O Brasil teve uma atitude rara na sexta-feira: aproveitou uma oportunidade da conjuntura internacional. O leilão de quatro áreas de pré-sal na Bacia de Campos coincidiu com o petróleo cruzando a barreira de US$ 80 o barril, ou quase o dobro do valor há um ano e o triplo de 2016.
A alta tem várias causas. Novas sanções dos Estados Unidos contra o Irã entram em vigor no dia 4 de novembro. O Irã é o terceiro maior produtor da Organização dos Países Exportadores de Petróleo (Opep). Suas exportações caíram 800 mil barris por dia desde que o presidente Donald Trump anunciou, no início de maio, o rompimento do acordo nuclear iraniano.

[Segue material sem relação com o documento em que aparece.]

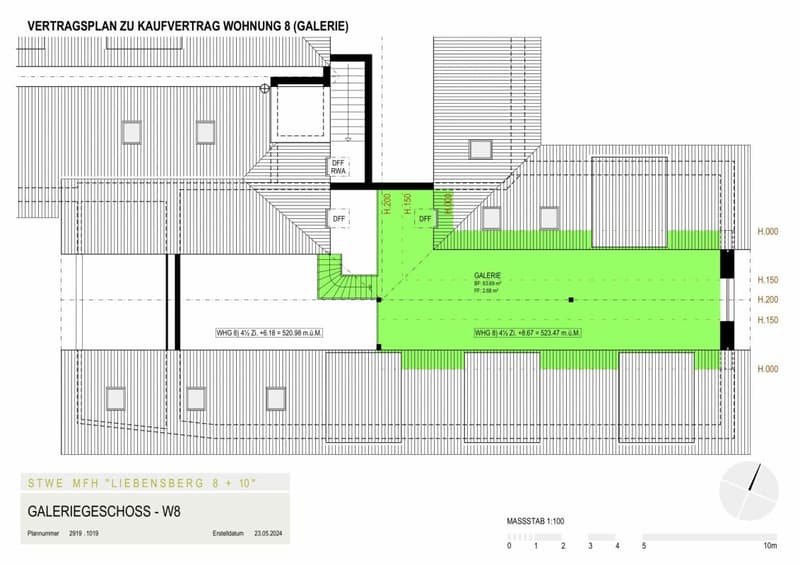 Galeriefläche zur Wohnung ist grün markiert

De lá para cá, o preço do barril subiu 20%. As sanções devem retirar outros 500 mil a 1,5 milhão de barris de petróleo iraniano do mercado, diante do temor dos importadores de represálias dos EUA.
A produção da Venezuela, que detém as maiores reservas do mundo, cai mês a mês. De 3,2 milhões de barris diários (b/d) quando Hugo Chávez assumiu, em 1999, encolheu para 2,4 milhões quando Nicolás Maduro o sucedeu, em 2013, e agora está em 1,4 milhão.
A Rússia e a líder da Opep, a Arábia Saudita, pretendem seguir adiante com a decisão conjunta de não aumentar a oferta global de petróleo. Os dois países são o primeiro e segundo maior produtor mundial, respectivamente.
Um barril mais próximo de US$ 100 do que de US$ 50 é mais condizente com as necessidades de gastos e de investimentos do presidente russo, Vladimir Putin. E o petróleo saudita é o que mais substituirá o iraniano.
A Rússia está batendo novo recorde de produção de petróleo desde o fim da União Soviética (quando se somava à das repúblicas da Ásia Central). De 11,21 milhões b/d em agosto, deve superar 11,35 milhões em setembro.
Como se vê, manter estável a oferta global não impede esses países de aumentar a sua produção individual. O aumento do preço é uma situação de ganha-ganha para eles, já que ao mesmo tempo poderão vender mais.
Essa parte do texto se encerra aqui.